Monday, September 26, 2005

This Isn't Your Grandfather's Crusade: Part 1

I've been thinking about the pro's & con's of crusade evangelism and it's relevance in our culture. Is crusade evangelism dead?

Billy Graham preached his last crusade in NYC this past June. Over the years he has been the epitome of crusade evangelism. His organization is still considered the standard bearer and its strategies are still employed by evangelists all over the globe. Rightly or wrongly, many evangelist still think "It works for Billy, so it should work for me."

Now that his reign is coming to an end, there are many speculating that crusade evangelism has come to an end also. Sure there are other well known evangelists: Luis Palau doing festivals, Greg Laurie, Reinhard Bonnke the German evangelist and even Billy's successor and son, Franklin Graham. But no one believes any of these preachers are going to fill Billy's shoes, and many believe the whole era of crusade evangelism is over.

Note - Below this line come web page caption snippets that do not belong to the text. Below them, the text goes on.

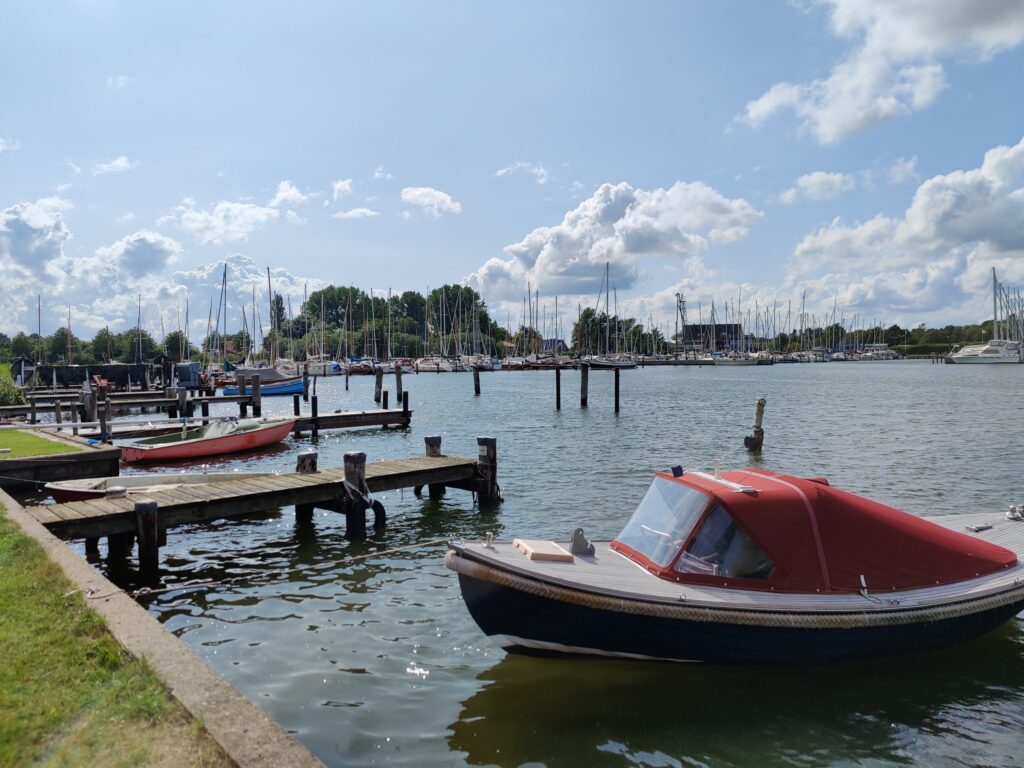 Kleines Motorboot mit rotem Verdeck am Steg, im Hintergrund Yachthafen voller Segelboote unter blauem Himmel.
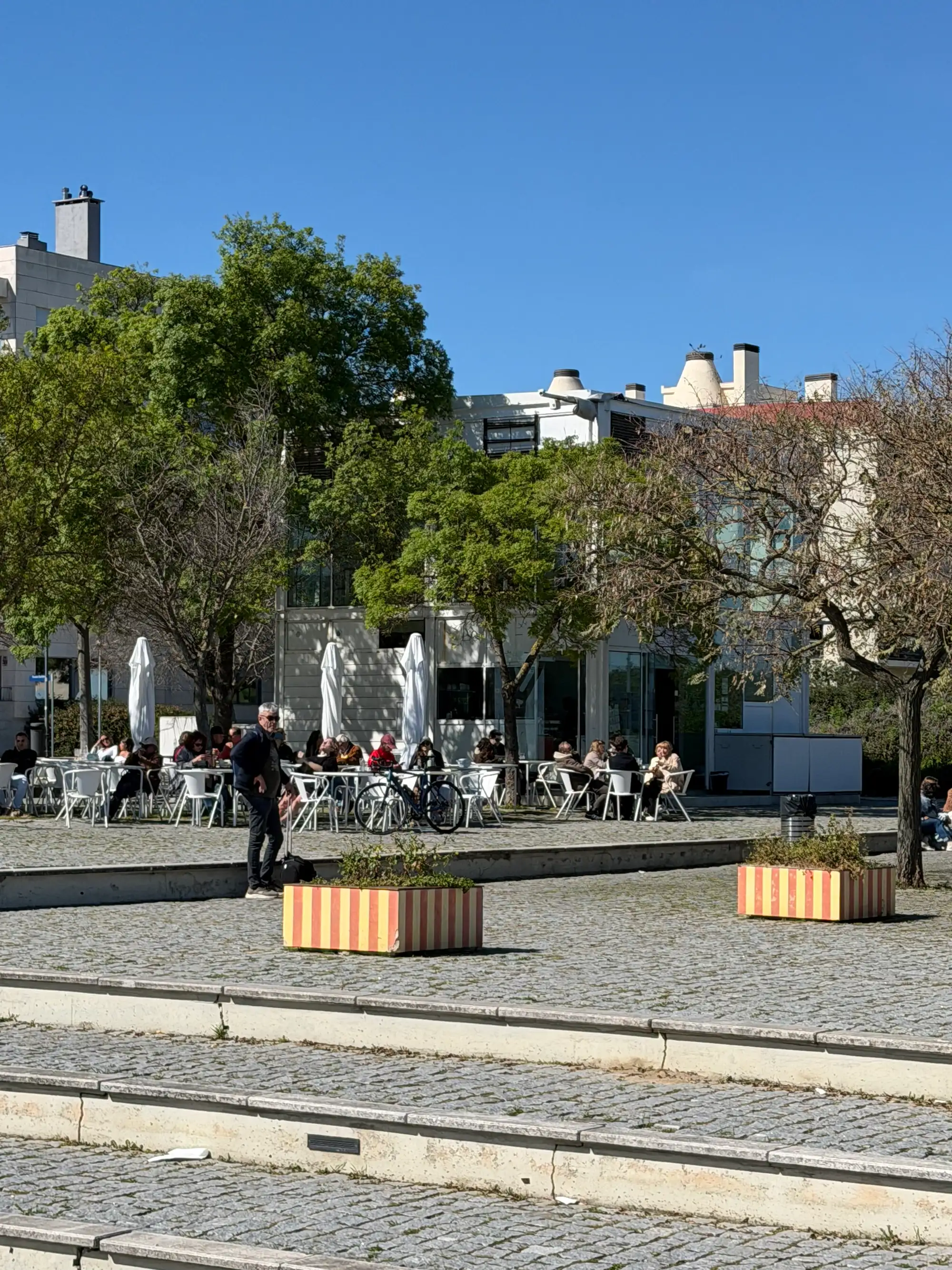 Outdoor cafe terrace with people sitting at tables in Parque das Nações, Lisbon, surrounded by trees and modern buildings on a sunny day.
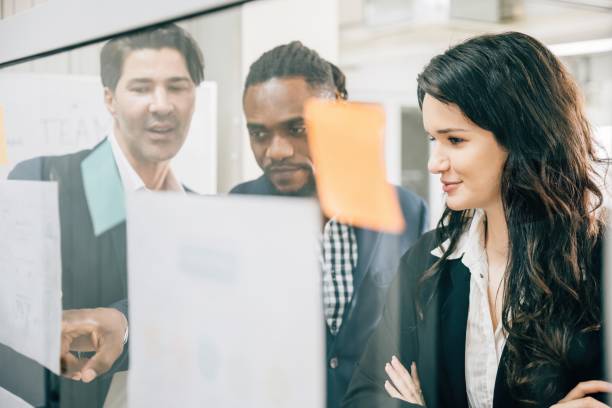 istock A diverse group of professionals meets in the office, using post-it notes on a glass board to brainstorm. They promote teamwork, leadership, and successful business discussions. 1866264939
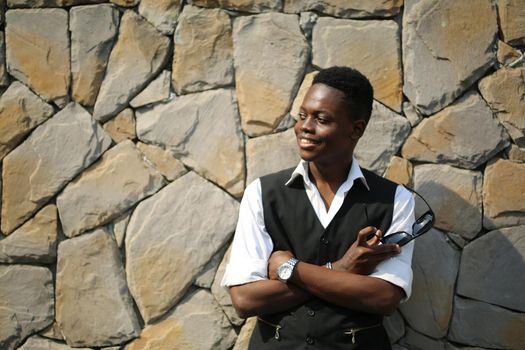 Portrait of young handsome afro black man posing outdoor.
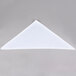 A white folded triangle chef neckerchief on a gray surface.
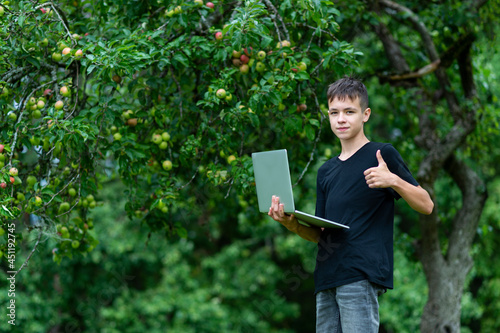 Boy giving thumbs up and studying with laptop in the park, Outdoor learning concept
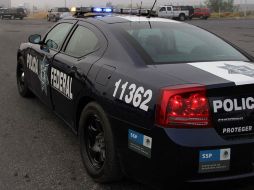 Autoridades de distintas corporaciones policíacas confirmaron el homicidio del empresario lechero. ARCHIVO  /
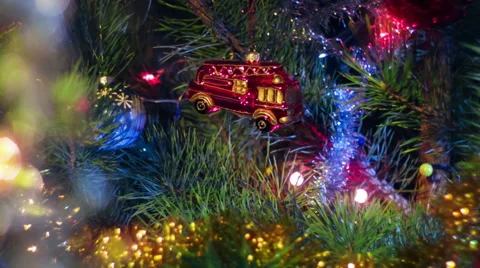 Beautiful view dolly moving camera shot. Christmas pine tree. Red toy. Stock Footage 45819990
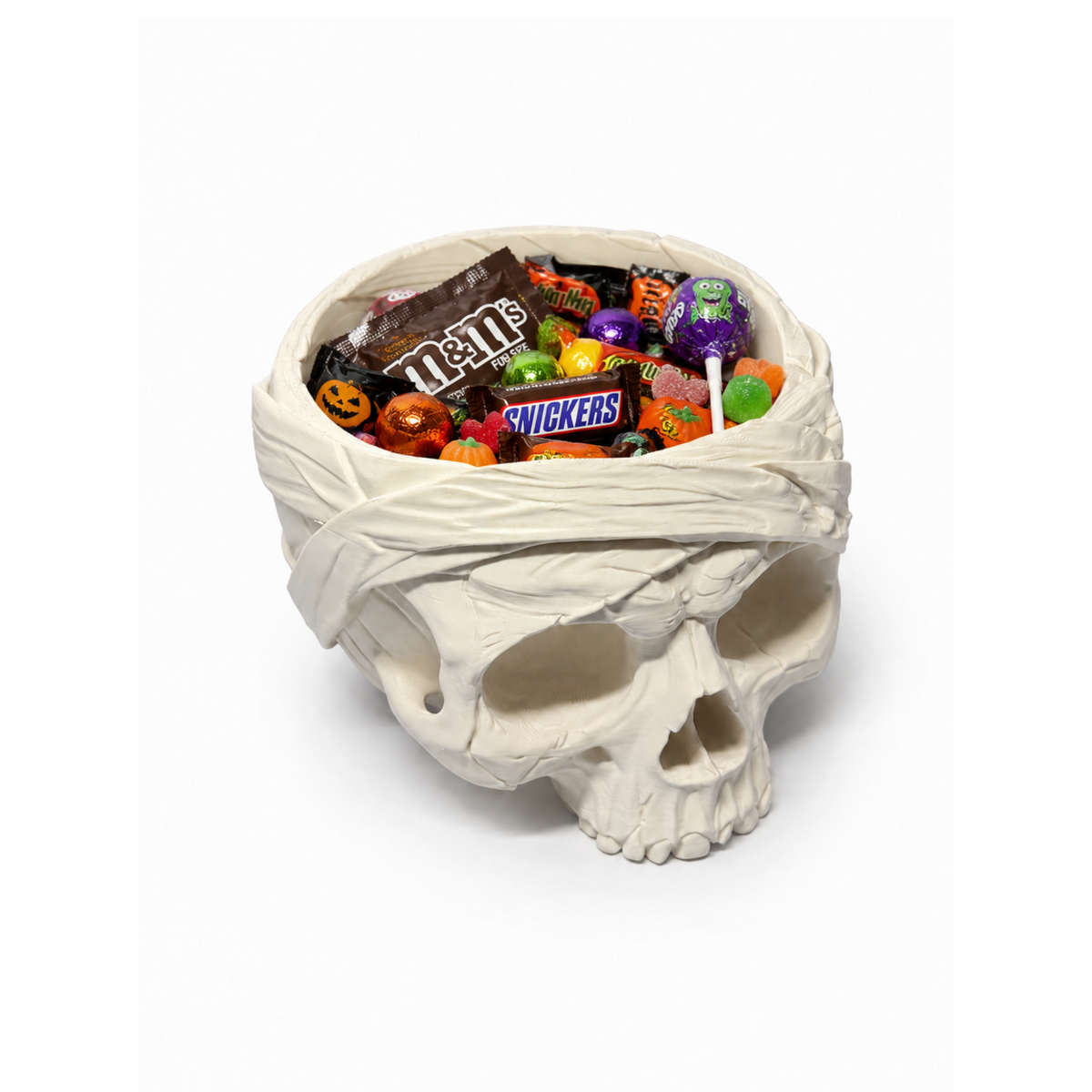 Mummy Skull Bowl shown filled with wrapped sweets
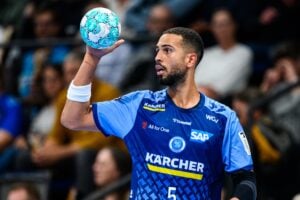 Ein Handballspieler in einem blauen Trikot hält einen Handball in der rechten Hand hoch.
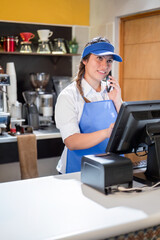 A restaurant manager takes an order over the phone which will then be handed over to a delivery person for home delivery. Vertical shot for social media.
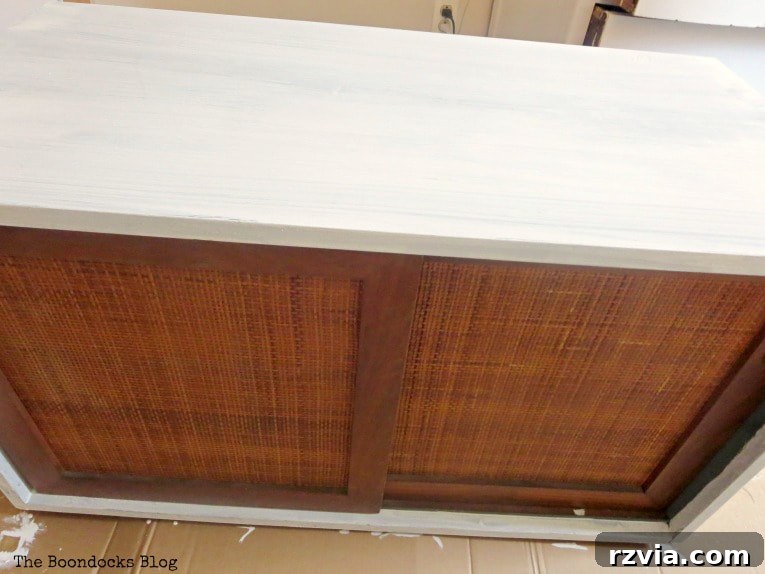 Mid Century Modern sideboard freshly painted with the initial coat of Snow White milk paint, preparing it for the next layer.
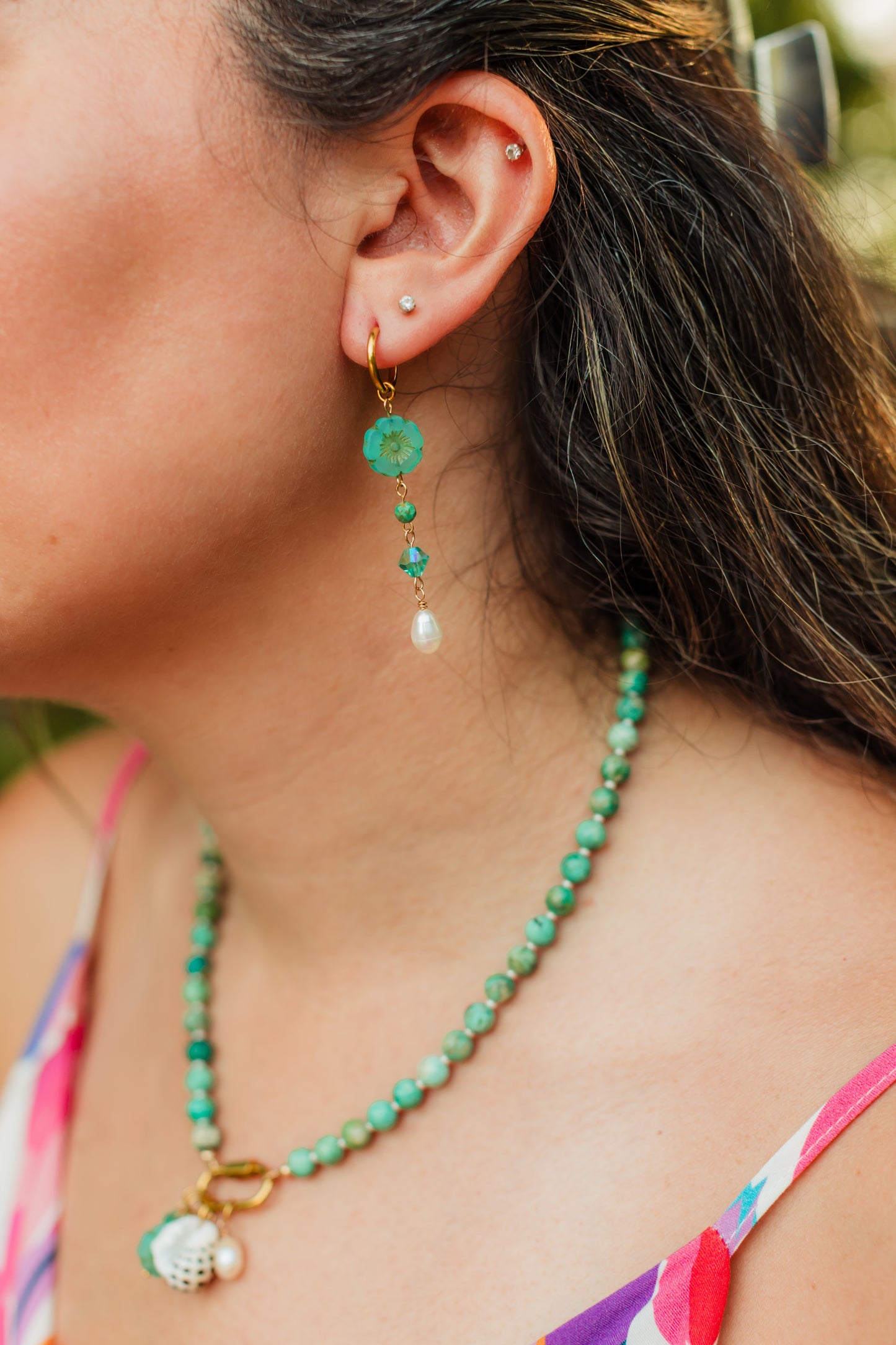 Turquoise Hibiscus Pearl Drop Earrings featuring handcrafted Czech glass hibiscus flowers, turquoise Swarovski crystals, faceted turquoise gemstone beads, freshwater pearl drops, and 18K Gold PVD hoops.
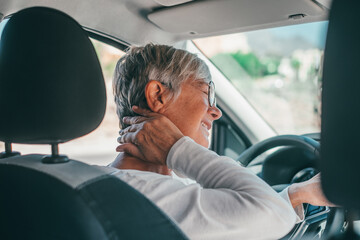 Rear view of old woman having neck pain while driving a car. One senior or mature people feeling bad for injury. - obrazy, fototapety, plakaty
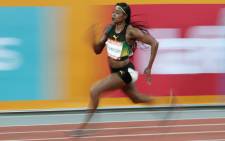 FILE: Jamaica's Elaine Thompson competes in the athletics women's 200m semi-final during the 2018 Gold Coast Commonwealth Games at the Carrara Stadium on the Gold Coast on 11 April 2018. Picture: AFP
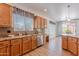 Well-lit kitchen showcasing stainless steel appliances, granite countertops, and ample cabinet space at 7606 E Globemallow Ln, Gold Canyon, AZ 85118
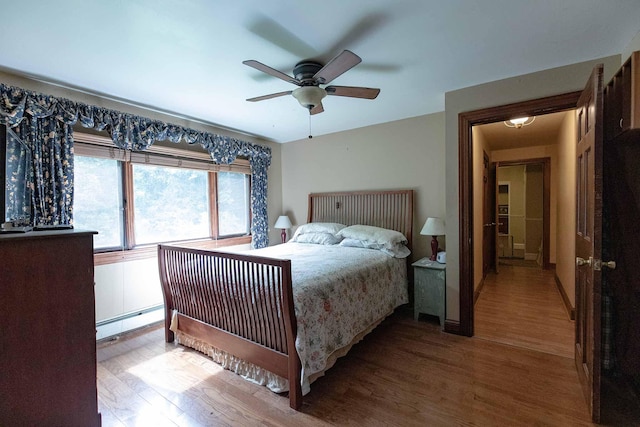 32 Williams Rd, Chelsea, ME 04330 - bedroom with a baseboard heating unit, wood finished floors, and a ceiling fan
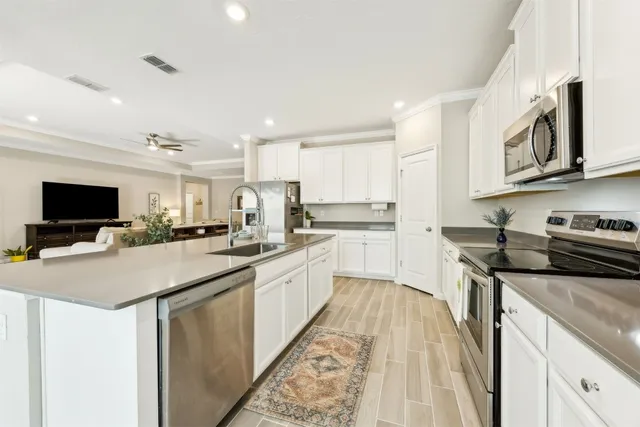 a kitchen with stainless steel appliances granite countertop a sink and a stove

Even the word 'crusade' has come under attack by many including myself. For some Jewish or Muslim persons, the word evokes memories of the dark times of Christianity when "missionaries" were sent out to lands to wage war and kill in the name of God. The Holy See would grant them an indulgence but I'm betting it didn't get them far with St. Peter.

Even amongst current uses of the word, crusade is not used positively. When someone is said to be on a crusade, they are always looked at as an extremist or vigilante. No one likes extremists. They are too, ... well, ... extreme and not tolerant of other viewpoints. People on a crusade are not about diversity unless their crusade is about diversity which just brings up the whole logical flaw / conundrum with the tolerance/diversity camp.

So some evangelists have gone to using words like Festival or Encounter to be more friendly. My 5 y/o son Benny came up with his own word: Ingathering. His big sister would go to these big events for Girl Scouts called Ingatherings. When we were having a crusade evangelism event here in our city, he never took the term "Encounter". He always called it the Ingathering. It will never stick, but I like it. Innovative for a 5 year old.

So is the crusade really dead? Yes, it is. Yet, no it's not. I think that's the wrong question. Is crusade style evangelism, called by whatever moniker you want to give it, still relevant? I think so and I'll tell you why in the next post.

This Isn't Your Grandfather's Crusade: Part 2

Many arguments made against crusade evangelism are made against a stereotype or just a certain portion of the event. Immediately we begin thinking of the gold cufflinked hucksters and swindlers, the perfect-haired phony and fear monger and those whose message is near to nonsensical to the unchurched.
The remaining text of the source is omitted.